Data science is a field that has attracted a lot of attention in recentyears. It offers the chance to work on the latest programming languages and with different industries, mining their vast reserves of data to extract valuable insights. These could guide the future strategic decisions of a company and take it to new heights of success.
These prospects make a data science career a highly attractive choice. What is important is to have the right mindset and the right skillset to succeed:
- Mindset: an analytical bent of mind, a curiosity to learn, and the ability to deal with challenging assignments are critical elements for a data science professional.
- Skillset: the data science industry requires a professional to master the most important and the newest programming and coding languages to be able to drive the best analysis.
Why are these languages in demand?
The primary factor is the increasing adoption of technologies that were experimental not so long ago. Augmented reality (AR) and virtual reality (VR), artificial intelligence (AI), machine learning (ML), deep learning (DL), and other technologies are seeing much wider usage, which is leading to high demand for certain languages. Certain job roles for data science training also require competence with particular languages, as do factors such as particular job roles and the languages they need. And the rapid evolution of the industry always brings up new developments and trends and hence demands for new languages.
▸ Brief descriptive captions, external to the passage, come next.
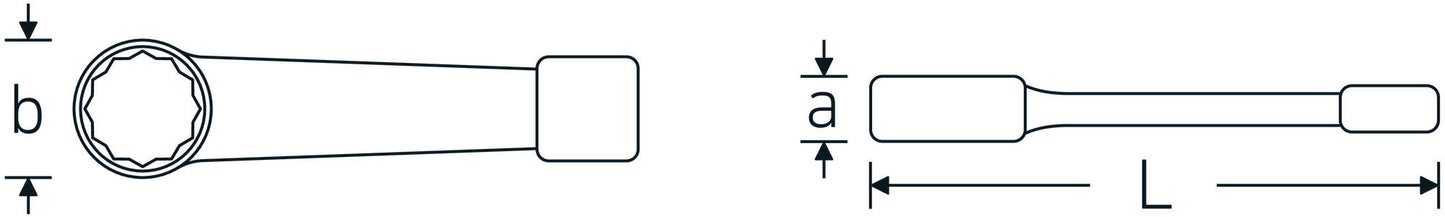 Stahlwille 42050024 4205 24 SCHLAG-RINGSCHLUESSEL Impact Ring Wrench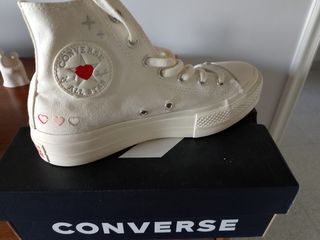 Converse All Star bianche platform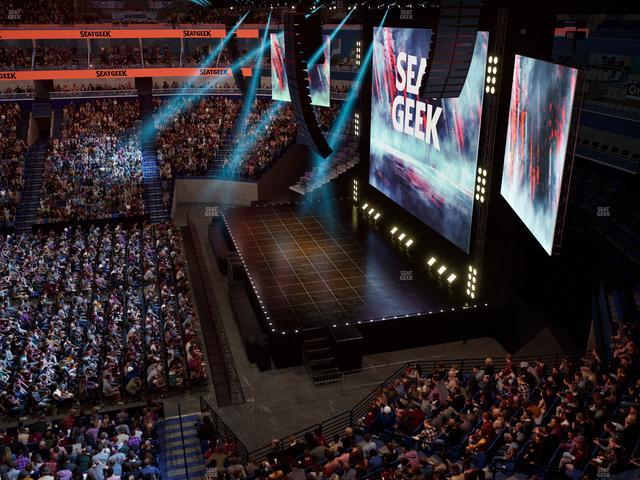 Smoothie King Center - Section 330 Seat View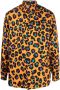 Versace Blouse met luipaardprint Oranje - Thumbnail 1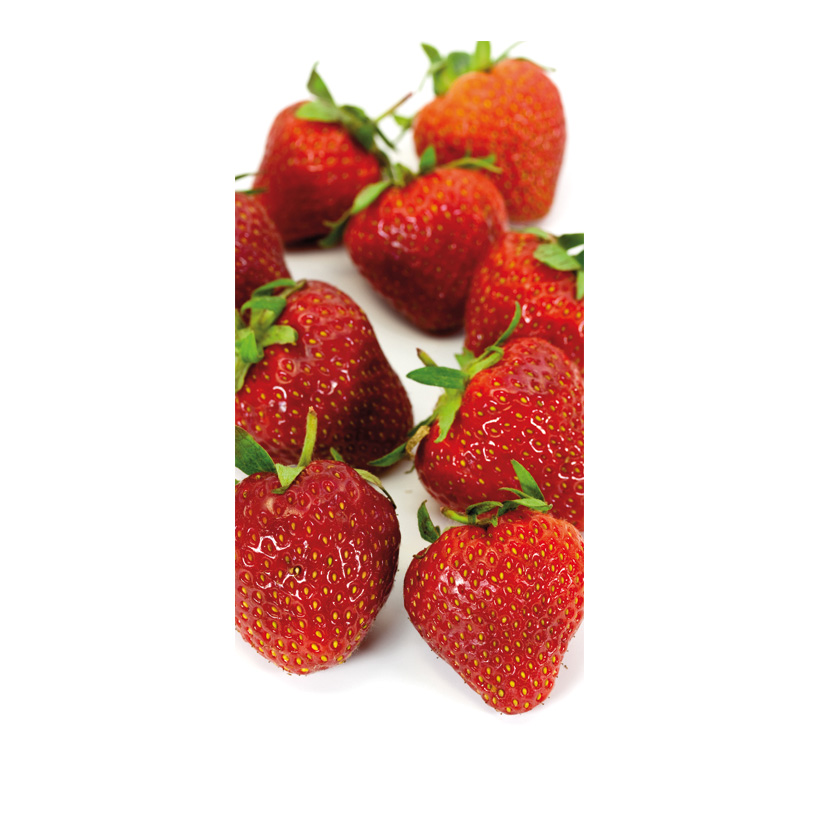 # Motivdruck "Erdbeeren", 180x90cm Papier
What factors must be considered when choosing a language for a career?
Before choosing a language or languages to learn for a data science career, the following are the key considerations:
- Corporate objectives and organizational usage of data science
- Nature of tasks to be handled
- Programming languages already known
- Career interests
- Difficulty level candidate is prepared to handle
Which are the current languages essential to know in data science?
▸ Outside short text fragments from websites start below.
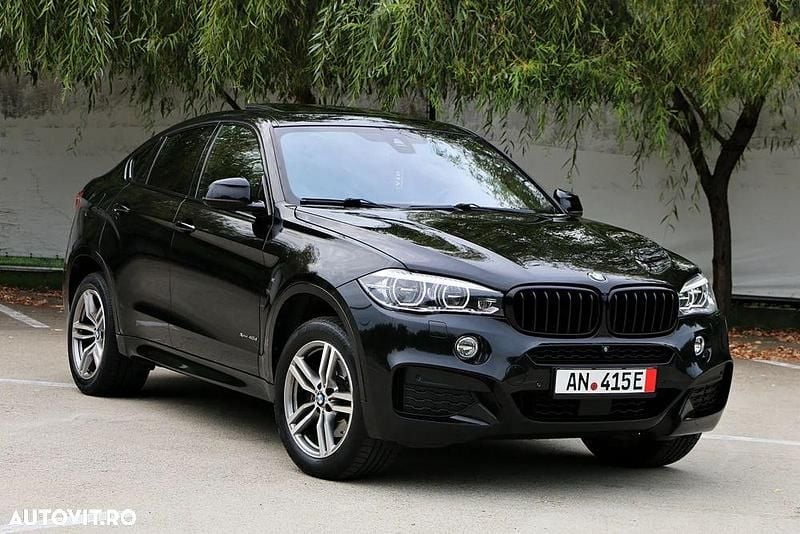 Culoarenegru Utilizat 2018 BMW X6 SUV | 29.990 EUR (Preț bun) - Imagine 1/4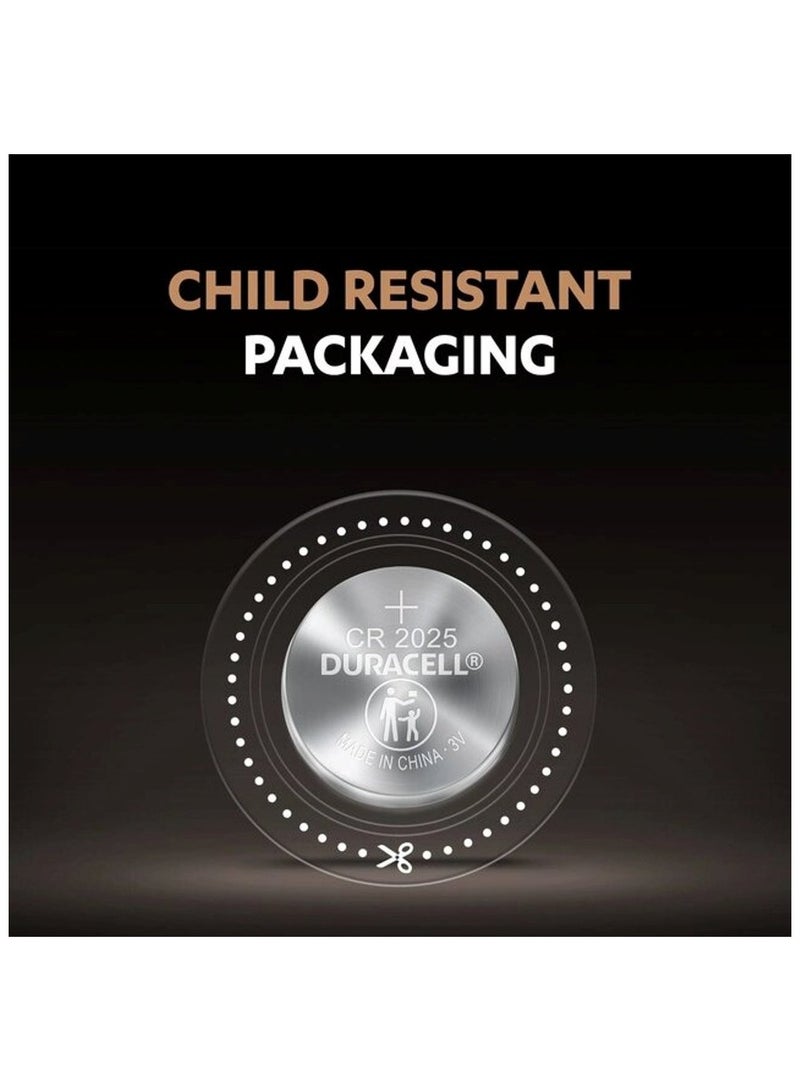 دوراسيل 2-Pieces Duracell CR2025 Lithium 3V Batteries  - Image 2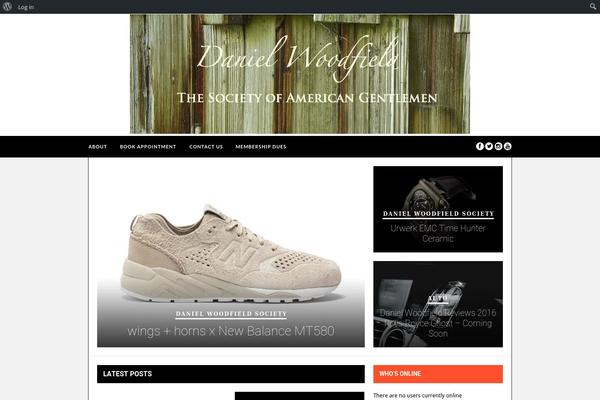 Hickory theme site design template sample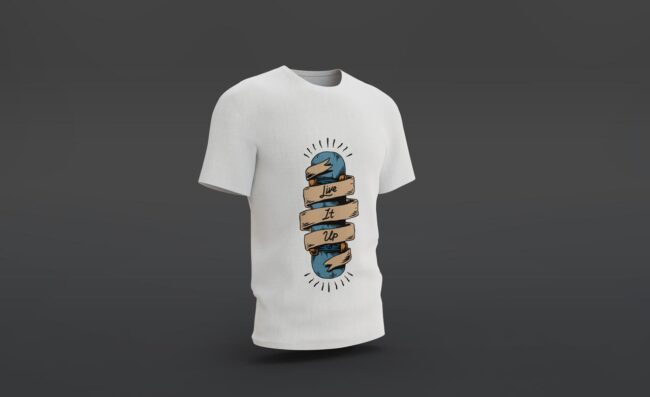 Live It Up Printed T-Shirt (Regular & Oversized)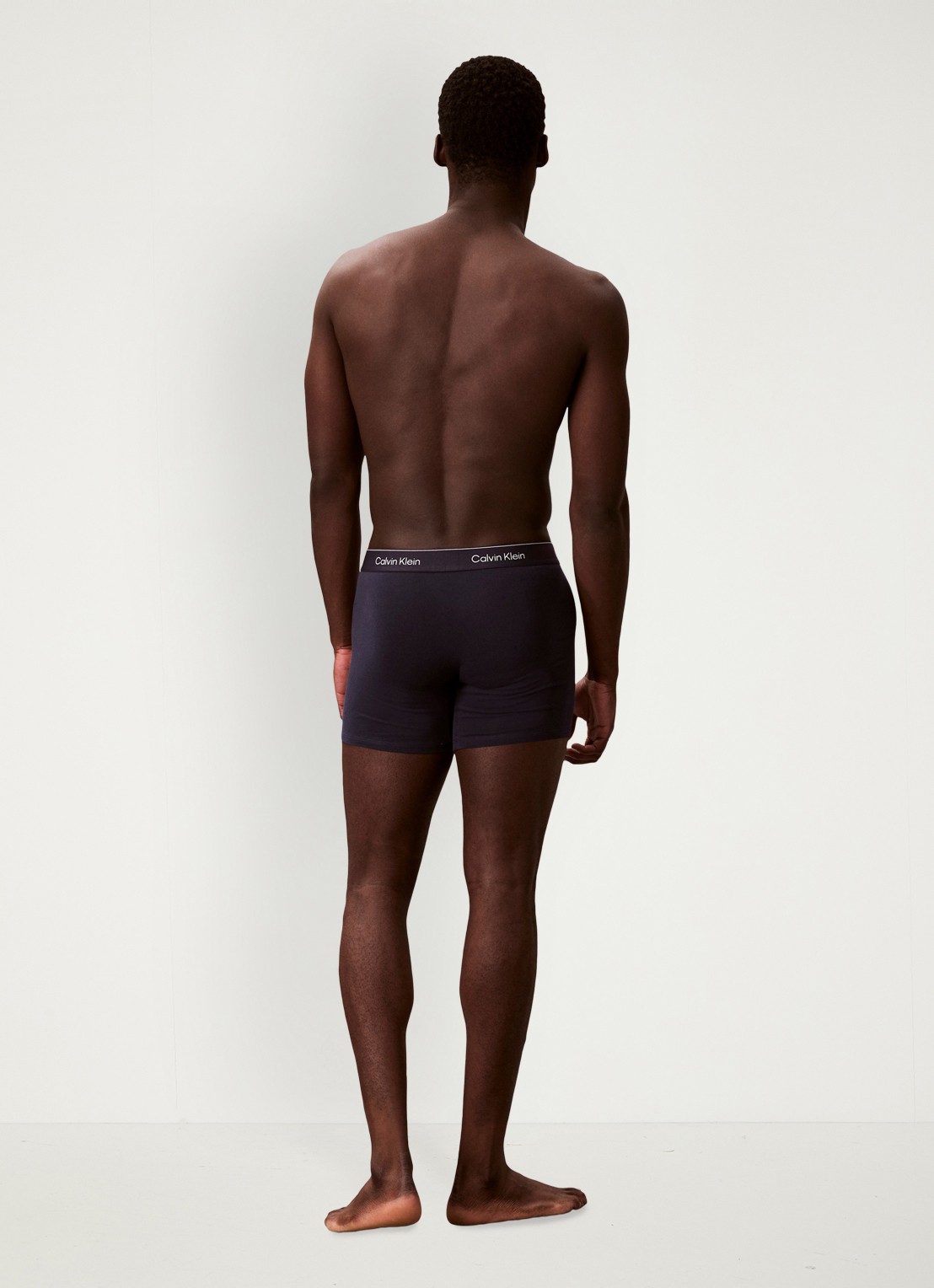 Calvin Klein Boxershorts met logoband in 3-pack - achterkant lichtblauw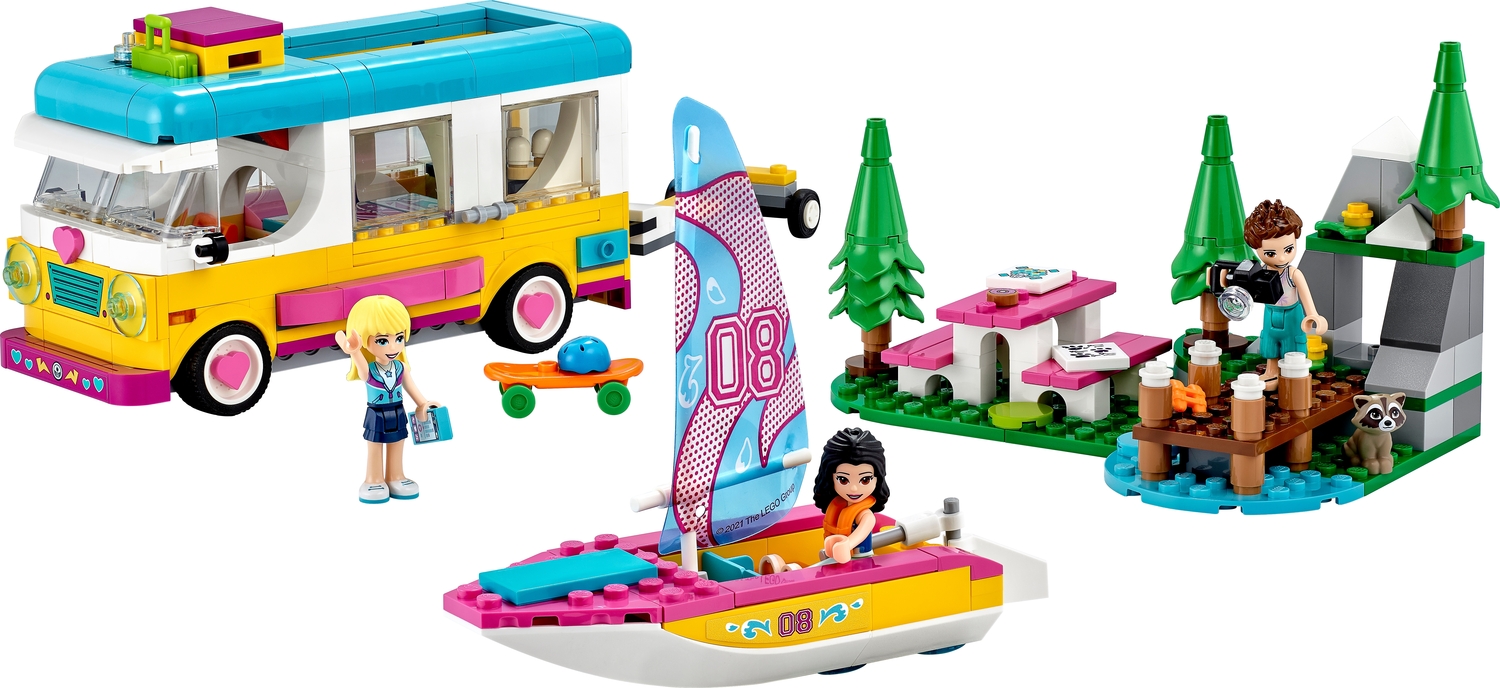 LEGO® Friends: Forest Camper Van and Sailboat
The top languages presently in demand in the data science industry are as below:
- Python: possibly the top choice, Python could be considered a prerequisite to work in data science. Its USPs include its flexibility, which allows it to be used for a wide range of requirements, such as:
- Classifying, sorting, and categorizing data
- Developing decision trees, random forests, and other ML algorithms
- Creating web services with the use of Django and Flask frameworks
- Data mining through NumPy, SciPy, and other modules
When combined with experimental analysis and quantitative aptitude, this makes for a great skill set.
- R: one of the fastest-growing choices, R is well suited to numerous statistical applications and models. It can be used for regression as well as data visualization, offering support for different types of charts. It finds application in ML, with smart applications being created by using Class, Gmodels, RODBC, and TM. It is a great choice for research reports and papers.
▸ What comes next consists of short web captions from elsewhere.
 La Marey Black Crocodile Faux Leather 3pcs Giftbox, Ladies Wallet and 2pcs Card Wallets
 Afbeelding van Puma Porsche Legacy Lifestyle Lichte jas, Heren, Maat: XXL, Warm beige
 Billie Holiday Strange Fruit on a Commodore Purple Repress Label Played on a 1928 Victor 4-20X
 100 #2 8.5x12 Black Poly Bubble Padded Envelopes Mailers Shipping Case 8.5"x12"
- Java: this is preferred by a number of users over other newer languages, primarily due to the ease of scaling it up to bigger applications. A Java-based project can be scaled up as required without affecting the results or performance, which makes it an excellent option for ML systems set up on a large scale. Java runs on the Java Virtual Machine (JVM), a very sophisticated environment that makes it a favorite of desktop, mobile, and web developers. Popular uses for Java in ML and the corresponding libraries are:
- DL: DL4J
- Data mining: ADAMS
- ML algorithms: Java ML
- Creating and training neural networks: Neuroph
- Executing natural language processing (NLP) tasks: Stanford CoreNLP
What are the new and upcoming languages in data science?
In addition to the established languages, there are a number of up-and-coming choices for data science professionals. These may not yet be popular at scale among enterprises, but they see increasing applicability and are growing fast. Here are the top choices:
- Kotlin: used for developing apps for Android, Kotlin is an open-source, fast language that is easy to learn. It is designed such that it is fully interoperable with Java, and it is a prime choice for Android mobile development. By bringing together functional programming with object-oriented programming, it provides features that developers demand. It is a top choice to address major Java issues, which is why many Java apps are rewritten in Kotlin.
- Swift: this is a general purpose open-source programming language launched in 2014 by Apple. It works beyond the Apple ecosystem, and it can be used by developers to create apps for Linux. It is a great choice for beginners in programming, with a highly-simplified syntax and type-safe variables.